Exercise prompt> Reproduce only the lines below from the line containing "Dynamo Joins Small" to the line containing "BÀN TRÀ CAO CẤP 70PR - 02", exactly as written, with both end lines kept. Omit the pictures.

------------------------------------

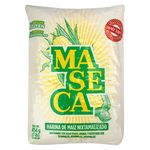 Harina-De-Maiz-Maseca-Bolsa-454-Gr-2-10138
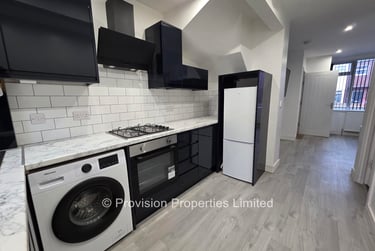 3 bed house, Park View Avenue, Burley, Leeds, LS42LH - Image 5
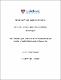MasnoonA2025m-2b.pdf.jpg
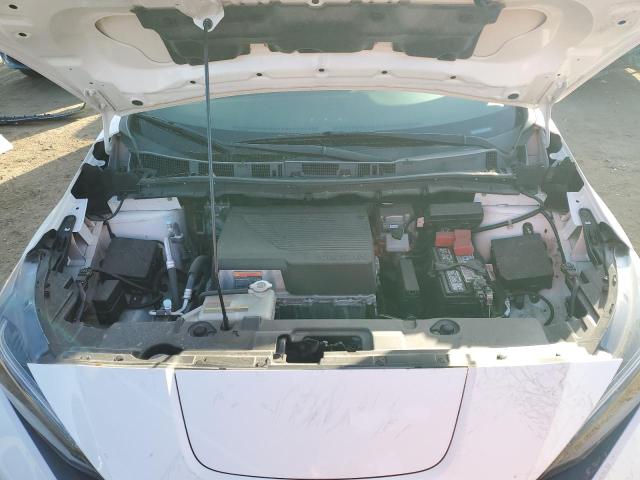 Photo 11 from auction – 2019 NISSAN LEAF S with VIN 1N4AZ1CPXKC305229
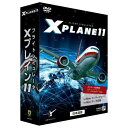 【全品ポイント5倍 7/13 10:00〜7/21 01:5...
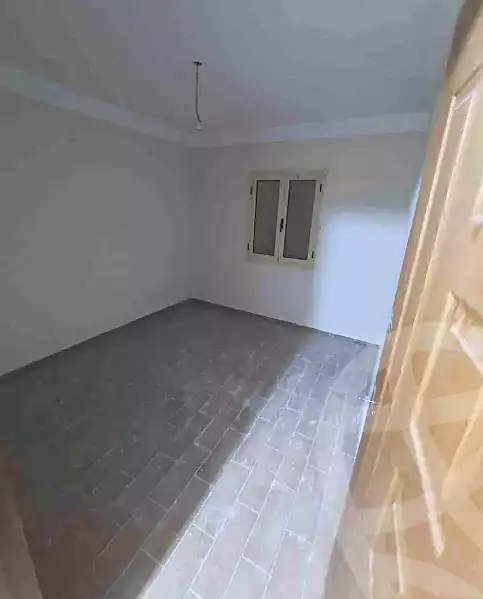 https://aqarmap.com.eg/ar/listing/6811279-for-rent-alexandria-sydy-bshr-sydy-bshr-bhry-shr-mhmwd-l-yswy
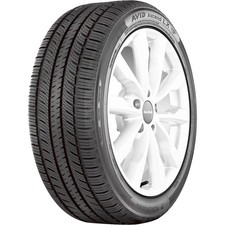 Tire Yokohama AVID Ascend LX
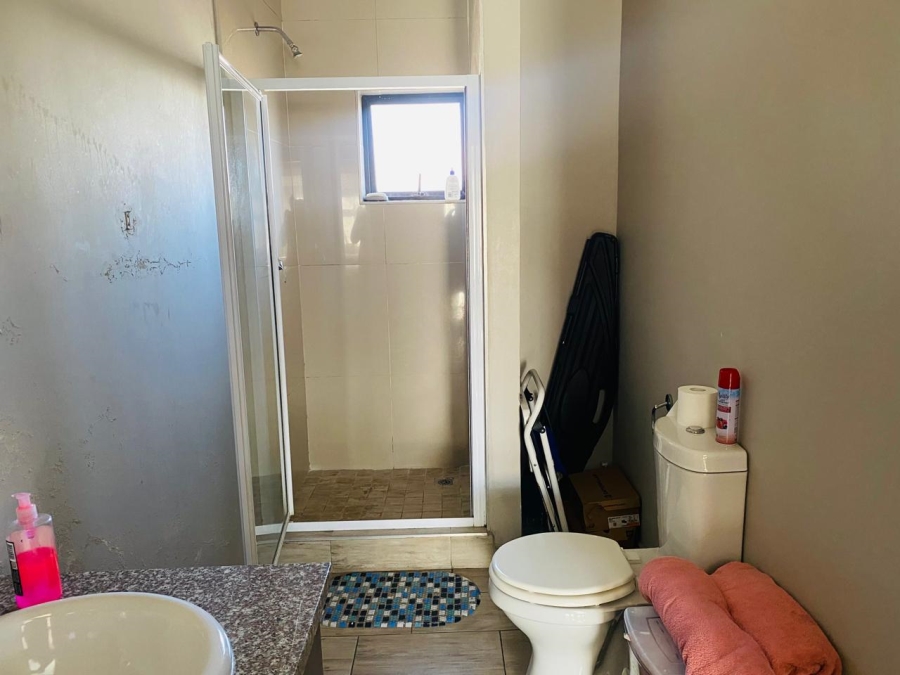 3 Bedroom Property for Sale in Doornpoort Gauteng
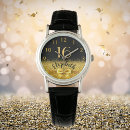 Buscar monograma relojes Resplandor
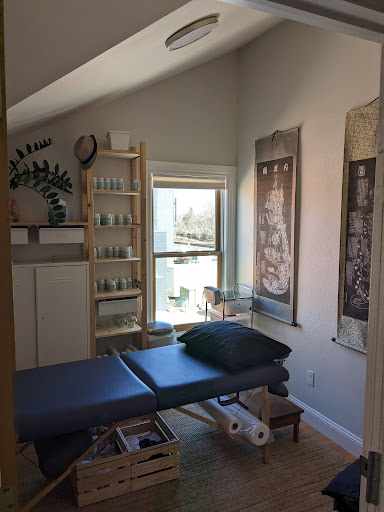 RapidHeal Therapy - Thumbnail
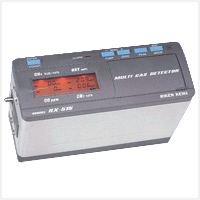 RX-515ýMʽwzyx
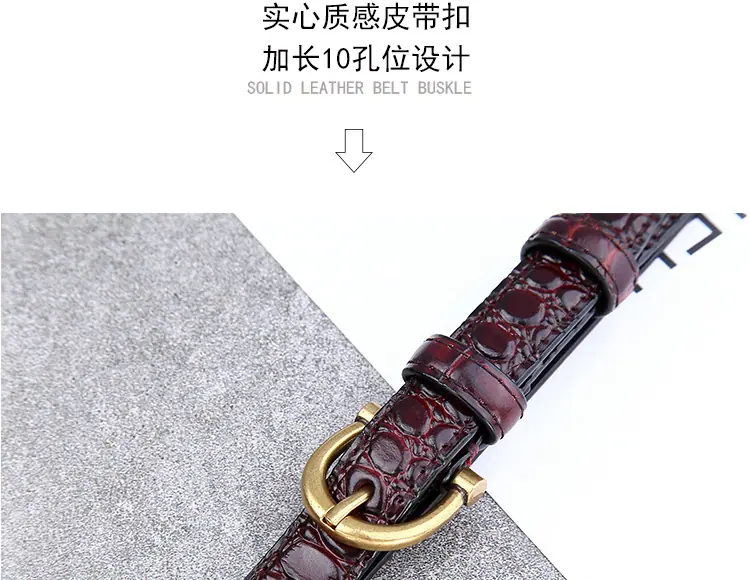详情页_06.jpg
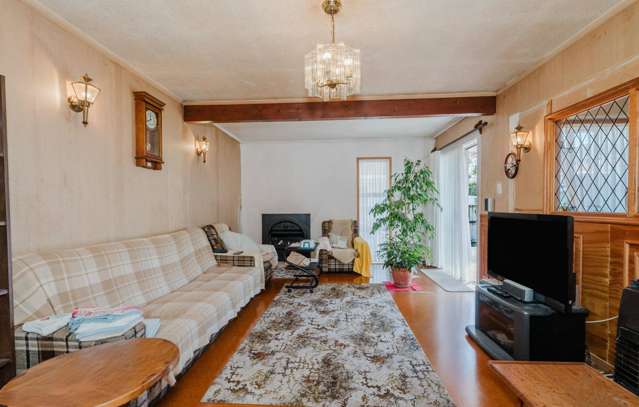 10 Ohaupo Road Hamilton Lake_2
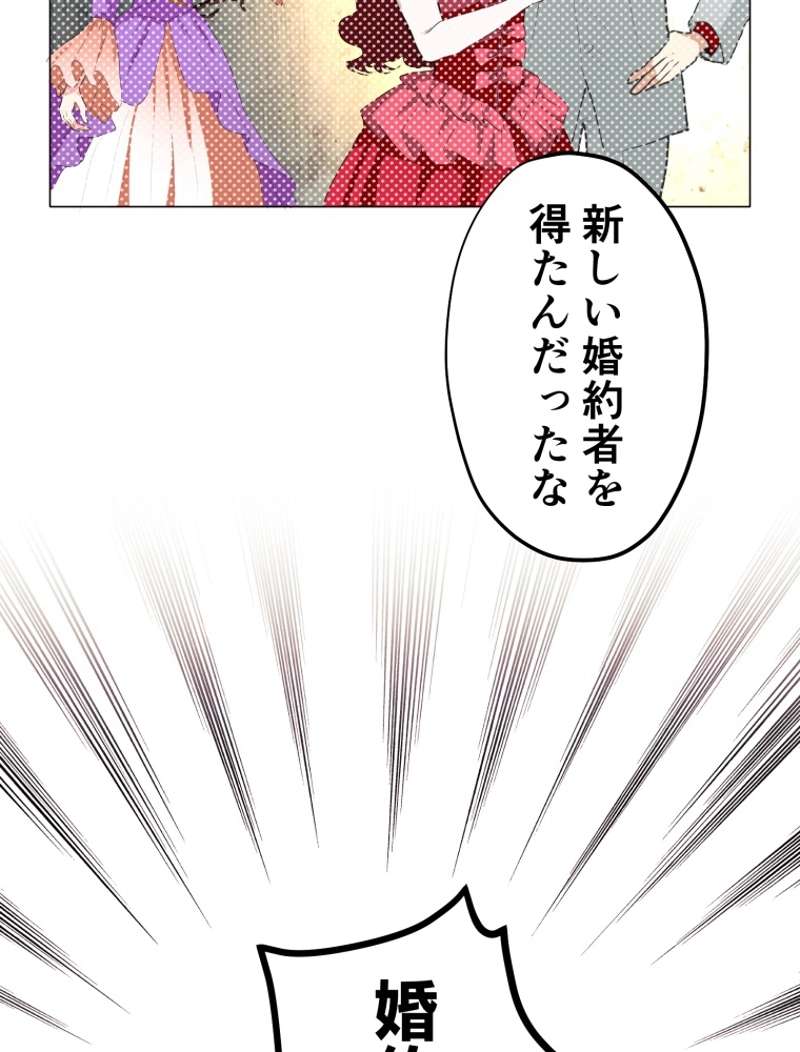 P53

------------------------------------

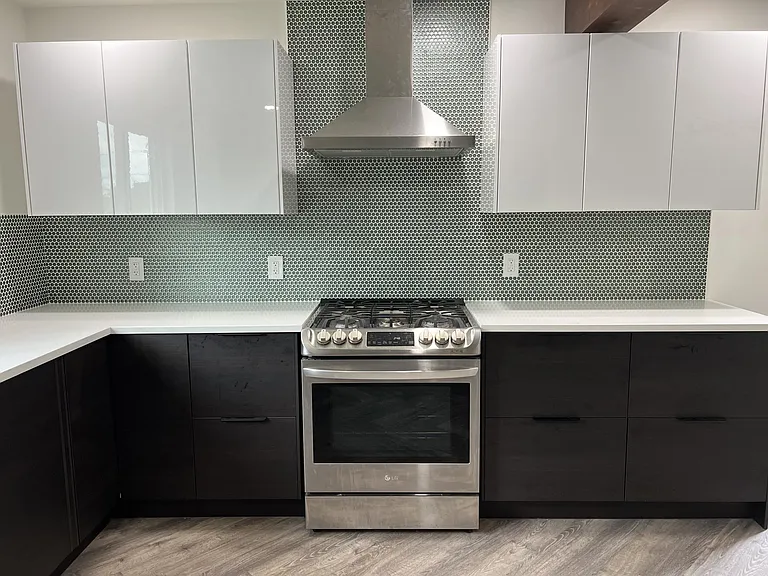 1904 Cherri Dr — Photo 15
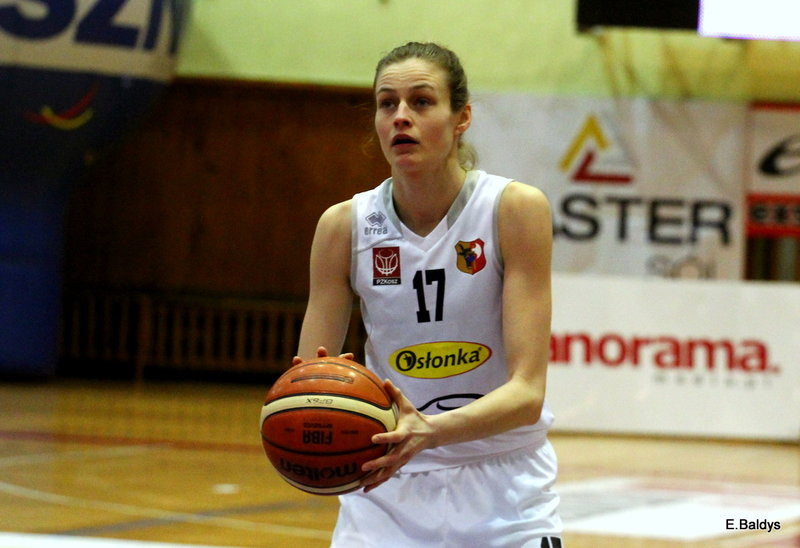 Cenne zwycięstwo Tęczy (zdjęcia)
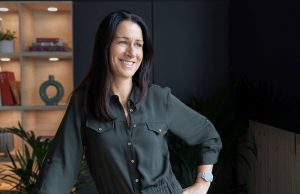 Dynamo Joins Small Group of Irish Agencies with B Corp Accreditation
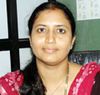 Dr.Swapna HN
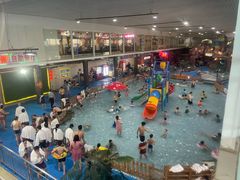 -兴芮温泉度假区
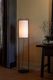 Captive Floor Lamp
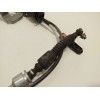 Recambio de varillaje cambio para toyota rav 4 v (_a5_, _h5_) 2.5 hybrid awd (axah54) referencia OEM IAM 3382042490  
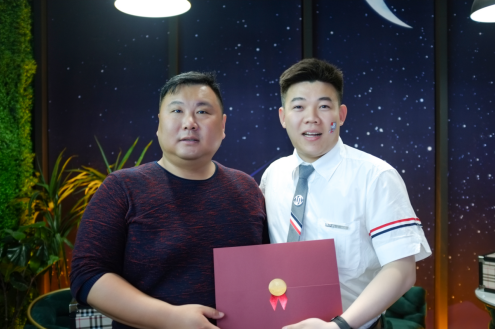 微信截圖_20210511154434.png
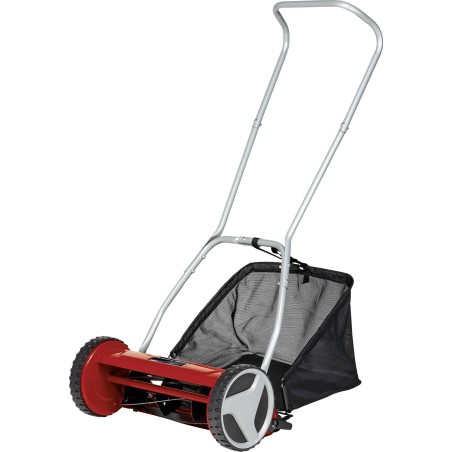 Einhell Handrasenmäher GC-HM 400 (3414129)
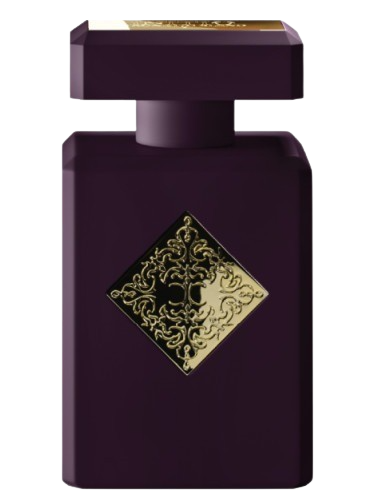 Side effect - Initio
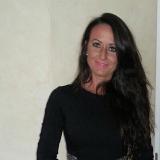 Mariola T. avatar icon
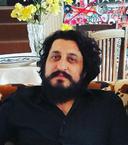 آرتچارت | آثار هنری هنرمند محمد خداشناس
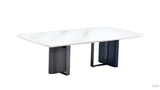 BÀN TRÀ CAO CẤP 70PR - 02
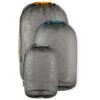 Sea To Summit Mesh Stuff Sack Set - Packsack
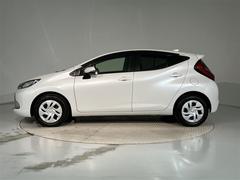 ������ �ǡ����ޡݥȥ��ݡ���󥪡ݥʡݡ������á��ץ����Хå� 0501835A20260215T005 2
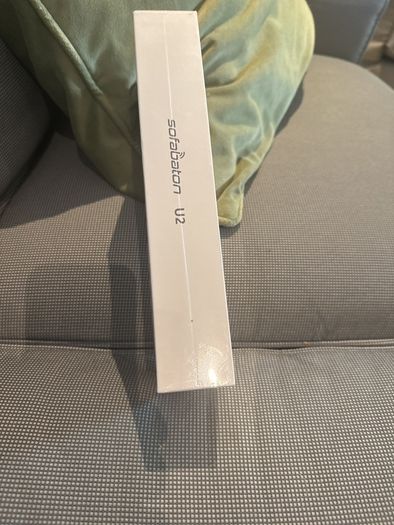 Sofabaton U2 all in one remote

------------------------------------

Exercise solution>
 Dynamo Joins Small Group of Irish Agencies with B Corp Accreditation
 Dr.Swapna HN
 -兴芮温泉度假区
 Captive Floor Lamp
 Recambio de varillaje cambio para toyota rav 4 v (_a5_, _h5_) 2.5 hybrid awd (axah54) referencia OEM IAM 3382042490  
 微信截圖_20210511154434.png
 Einhell Handrasenmäher GC-HM 400 (3414129)
 Side effect - Initio
 Mariola T. avatar icon
 آرتچارت | آثار هنری هنرمند محمد خداشناس
 BÀN TRÀ CAO CẤP 70PR - 02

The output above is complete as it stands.